Scraped caption text data
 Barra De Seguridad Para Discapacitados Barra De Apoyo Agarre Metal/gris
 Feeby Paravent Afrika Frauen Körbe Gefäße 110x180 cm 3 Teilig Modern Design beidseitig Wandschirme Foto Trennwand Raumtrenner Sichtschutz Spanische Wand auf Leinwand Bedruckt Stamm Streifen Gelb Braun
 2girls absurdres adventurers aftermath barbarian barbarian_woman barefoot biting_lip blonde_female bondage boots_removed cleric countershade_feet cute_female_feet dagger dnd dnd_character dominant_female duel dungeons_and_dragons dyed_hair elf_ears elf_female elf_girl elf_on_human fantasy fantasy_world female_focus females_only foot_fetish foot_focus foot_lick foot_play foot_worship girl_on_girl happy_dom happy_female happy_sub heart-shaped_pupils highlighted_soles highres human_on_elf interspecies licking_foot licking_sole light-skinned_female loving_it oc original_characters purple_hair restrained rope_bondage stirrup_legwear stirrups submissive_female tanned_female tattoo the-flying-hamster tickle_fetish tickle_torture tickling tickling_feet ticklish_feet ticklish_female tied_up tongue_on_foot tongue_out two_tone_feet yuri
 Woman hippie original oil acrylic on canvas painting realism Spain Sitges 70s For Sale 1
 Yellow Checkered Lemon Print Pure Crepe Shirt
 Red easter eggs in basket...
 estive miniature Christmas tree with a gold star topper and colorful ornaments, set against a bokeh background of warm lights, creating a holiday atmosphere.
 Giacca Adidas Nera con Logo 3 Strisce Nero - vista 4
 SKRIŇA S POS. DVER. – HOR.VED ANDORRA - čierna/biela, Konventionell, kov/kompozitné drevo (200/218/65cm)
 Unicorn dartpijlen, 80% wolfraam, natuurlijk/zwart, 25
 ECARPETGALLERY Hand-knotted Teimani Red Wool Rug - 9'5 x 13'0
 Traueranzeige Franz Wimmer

▶ _PROBLEM REQUIREMENTS_
Output exactly the lines of the data that run from the one containing "SKRIŇA S POS." to the very last line, and no others.

▶ _WRITTEN RESPONSE_
 SKRIŇA S POS. DVER. – HOR.VED ANDORRA - čierna/biela, Konventionell, kov/kompozitné drevo (200/218/65cm)
 Unicorn dartpijlen, 80% wolfraam, natuurlijk/zwart, 25
 ECARPETGALLERY Hand-knotted Teimani Red Wool Rug - 9'5 x 13'0
 Traueranzeige Franz Wimmer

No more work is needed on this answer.